The sandcastle above is the current Guinness Record-holder for the tallest ever built. It’s hard to fathom just how impressive it is without any scale, but the thing is nearly 58 feet high. That’s like stacking two Jaws sharks on top of one another then getting Yao Ming to stand on top of both of them, then building a castle that high. It took twelve people and eight technicians three and a half weeks to build last year. Below are a few of the funkier constructions I unearthed while getting my mind blown to bits at how awesome this day can be.
It kind of makes me sad that we have no sand to play in around here. It also makes me sad that “sand castle technician” was never a potential career pointed out to me by my high school guidance counsellor. I could have done that.
National Soft Ice Cream Day / National Eat Dessert First Month
Also known as soft serve, this is one of our favourite frozen treats. There was simply zero chance that we would not be doing this celebration.
Soft serve ice cream dates back to Memorial Day weekend in 1934, when ice cream salesman Tom Carvel (founder and empire-builder of Carvel ice cream) got a flat tire in Hartsdale, New York (birthplace of baseball legend Mike “SuperJew” Epstein!). Tom sold off his melting ice cream to some locals, and decided he’d be better off in a fixed brick-and-mortar location. He also noticed that people seemed to really dig the soft, melty stuff.
He’s the guy who came up with the secret formula for making soft-serve, which he claims he did in 1936. Scootch over to Moline, Illinois (birthplace of John Deere, the tractor guy!) and you’ll find a claim by J.F. McCullough and his son, Alex. McCullough went on to open the first Dairy Queen, so if we’re going to award the invention claim to the person who built the biggest empire from it, J.F. would win. But that’s not how things work. No, in the food game we just absorb conflicting invention claims and let everyone have their say. Then we shrug our shoulders and just eat the stuff, because we have no stake in who actually came up with it.
And that’s what we did. McDonald’s is offering cones for a buck and sundaes for two over the summer, and that was a great way to celebrate.
Today flops into view with a weird mix of celebrations, some we can tackle and others we simply cannot:
- National Radio Day. I suppose I’ll be listening to the radio all day.
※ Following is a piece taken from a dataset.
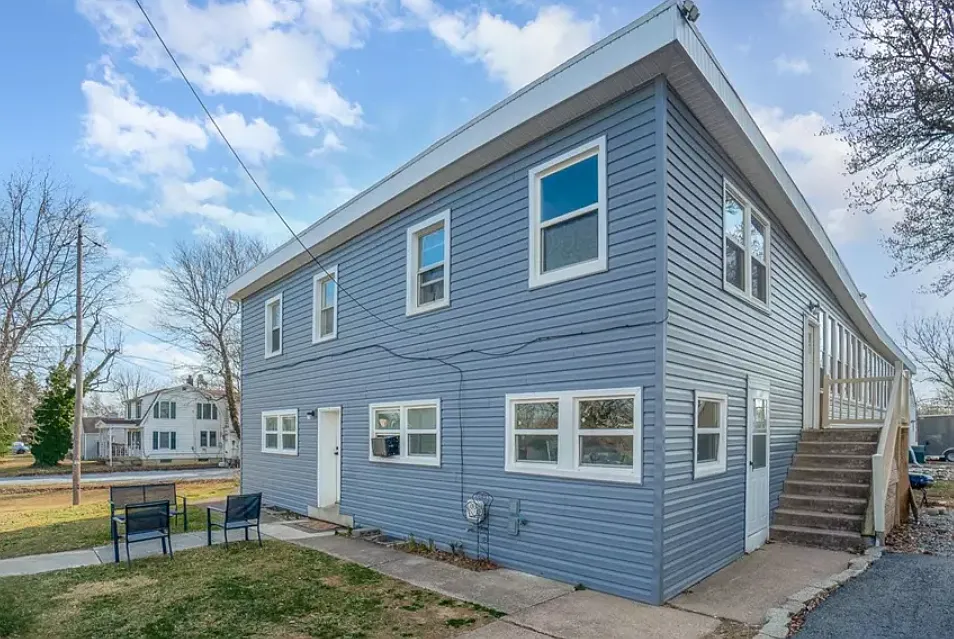 1 Hereford St — Photo 2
We have satellite radio, so that’s a win.
- National Chocolate Pecan Pie Day. I love pecan pie, and it’s even better with chocolate. Unfortunately our team baker has passed on this one.
- National Lemonade Day. This one will be easy to drink back.
- World Mosquito Day. Maybe I can find one reason today not to wish every mosquito on the planet to rot in a fiery hell.
- National Bacon Lovers Day. National Bacon Day is at the end of December. This might hold us over until then.
- Virtual Worlds Day. They’ve got to be better than this one, right?